**About this task**. A picture-free, exact copy of all the records below is the goal.

**Provided data**.
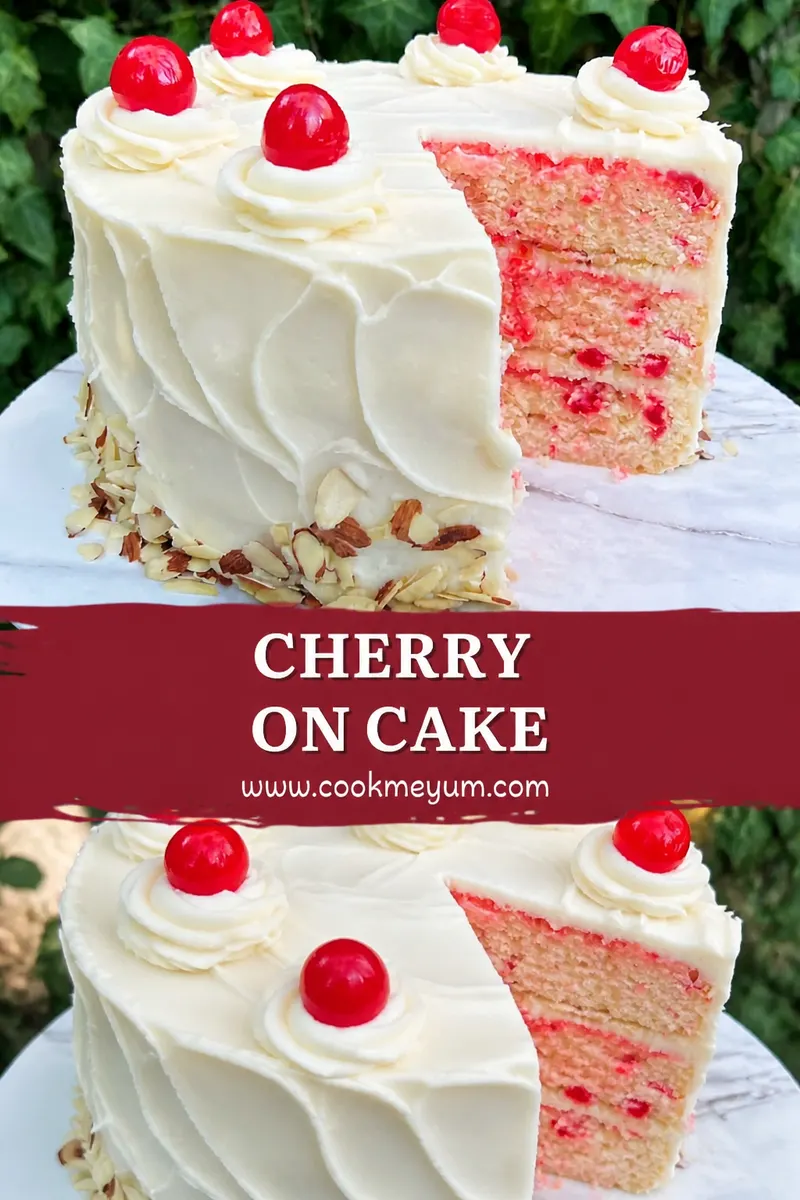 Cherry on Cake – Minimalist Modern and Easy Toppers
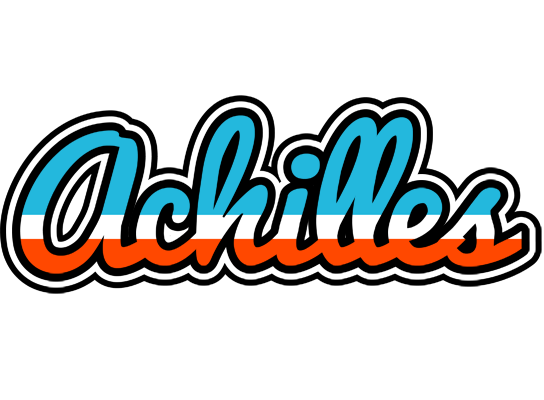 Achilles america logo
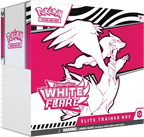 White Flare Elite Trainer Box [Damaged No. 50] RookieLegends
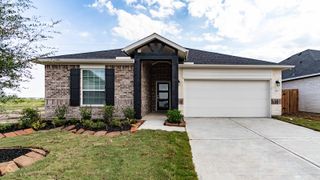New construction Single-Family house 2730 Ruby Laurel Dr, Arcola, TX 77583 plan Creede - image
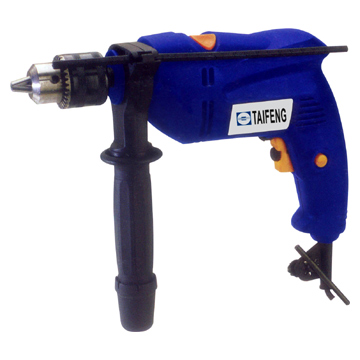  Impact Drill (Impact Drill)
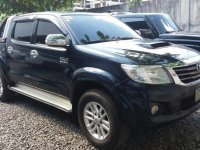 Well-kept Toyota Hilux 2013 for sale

**Task result**.
 Cherry on Cake – Minimalist Modern and Easy Toppers
 Achilles america logo
 White Flare Elite Trainer Box [Damaged No. 50] RookieLegends
New construction Single-Family house 2730 Ruby Laurel Dr, Arcola, TX 77583 plan Creede - image
  Impact Drill (Impact Drill)
 Well-kept Toyota Hilux 2013 for sale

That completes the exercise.